I’m Just Say’n’s opening track “Short Pieces” is sparsely populated with a dissonant, grumbling undercurrent accompanying McPhee’s spoken-word meditations on free jazz titans David Murray, Don Cherry, Eric Dolphy, and close collaborator Peter Brötzmann.
Growing up in the Hudson Valley, McPhee was perched at an ideal distance from Manhattan’s free jazz scene of the 1960s – which he experienced first hand – and the city’s loft scene of the 1970s. He began playing tenor saxophone in the late 1960s, and his earliest records (made for the CjR label, which was formed exclusively to issue his music) featured McPhee prominently as a saxophonist. His second LP, Nation Time, has proven to be a classic, with The Guardian calling the album “A truly joyful, imaginative and energising collection.”
McPhee forged close alliances with European musicians earlier than most Americans, assembling bands with colleagues in France and Switzerland and later in the UK and Germany. He worked extensively with American experimental composer Pauline Oliveros and was a member of Peter Brötzmann’s Chicago Tentet, in the context of which he began playing with Gustafsson. McPhee has also been a productive solo artist; his 1976 Hat Hut LP, Tenor, is a milestone in unaccompanied saxophone recordings. Over the last three decades, McPhee’s discography has grown exponentially, plumbing both the mists of his distant past (for instance 1966, from a recently discovered tape featuring him exclusively on trumpet with a band called the Jazzmen) and anticipating the future (see records like Harmonia Macrocosmica, an LP of duets with Lasse Marhaug on electronics).

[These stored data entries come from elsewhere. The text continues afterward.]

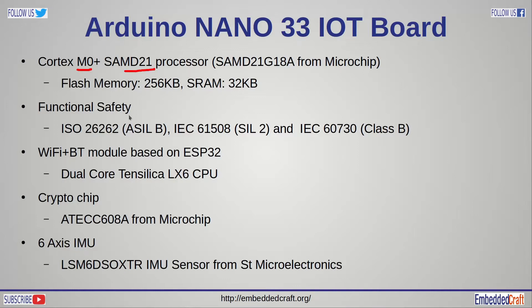This processor is functional safety certified. As per the Microchip website, it is certified to ISO 26262 at ASIL-B level, industrial standard IEC 61508 at SIL-2 level, and IEC 60730, a safety standard for household appliances.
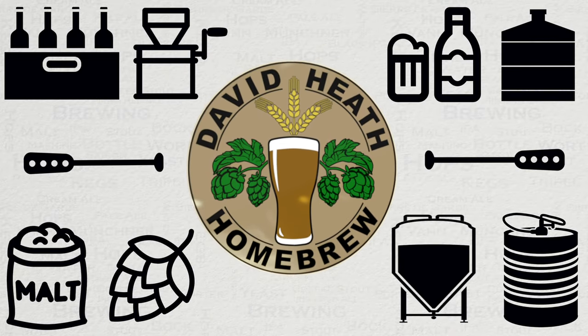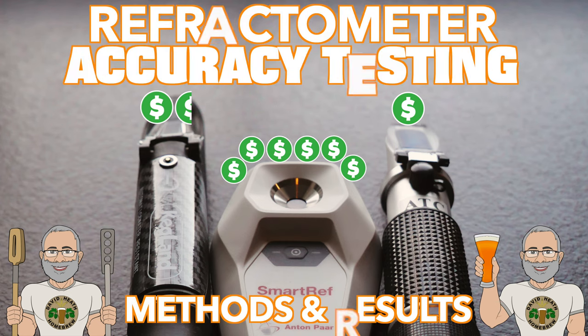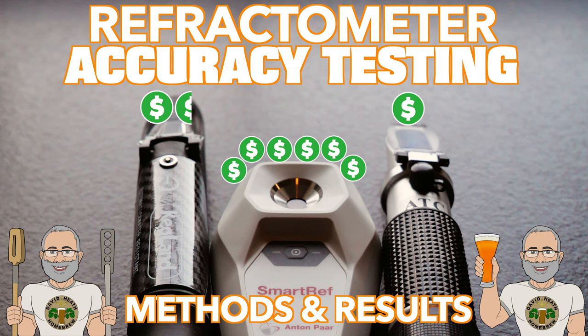Drink beer, it's good for you. Hello and welcome to the video. Within this video I will be sharing my methods, testing and results in respect of accuracy between three popular refractometers for homebrewers. Each of these three come in at rather different price points and part of the objective here is to show you what the difference actually is in terms of accuracy for your money. So let's get started.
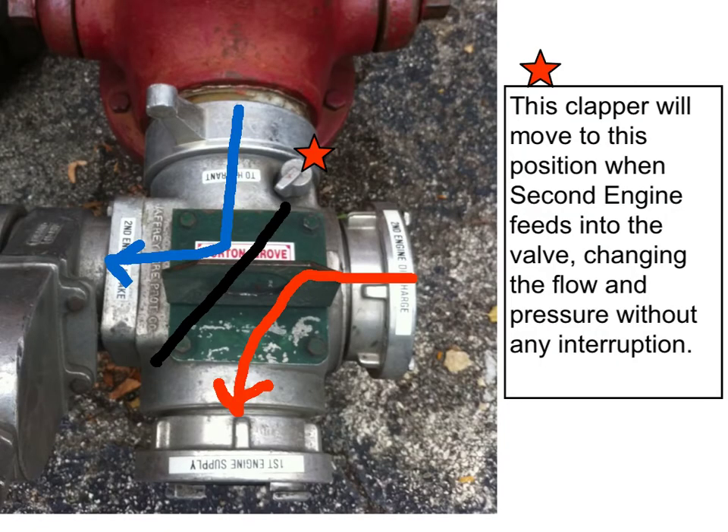Once our second engine, otherwise known as the supply engine, starts feeding into this 4-way valve, that clapper will close off the hydrant water coming into the initial engine. The hydrant water will then be directed fully to the second engine, with the discharge pressure from the second engine coming through the 4-way valve, feeding that first-in primary engine.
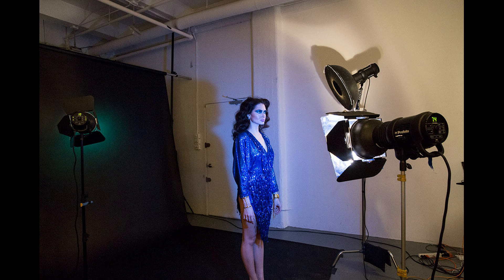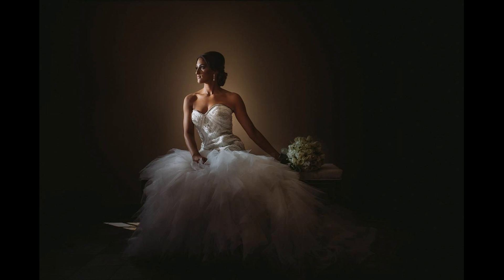Lighting gels can be used to create a mood in your video production or still photography sessions. Here are some examples. Gels can enhance your projects and add an additional level of creative professionalism to your work. Give them a try. You can't beat the price.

In its own way, text has been important to McPhee since he shouted “What time is it?!” to his student audience at the start of “Nation Time.” McPhee has been writing poetry since the 1970s, drawing on his multicultural experiences in music and his detailed observations of everyday life, although he’s only started to read and recite poems in performance over the last decade. In 2024, McPhee issued his first record focused on poetry, Musings of a Bahamian Son, and plans are afoot to publish a book of his poetry soon. Corbett vs. Dempsey, who have issued many of McPhee’s recordings, just published his memoir, Straight Up, Without Wings: The Musical Flight of Joe McPhee, co-written with Mike Faloon.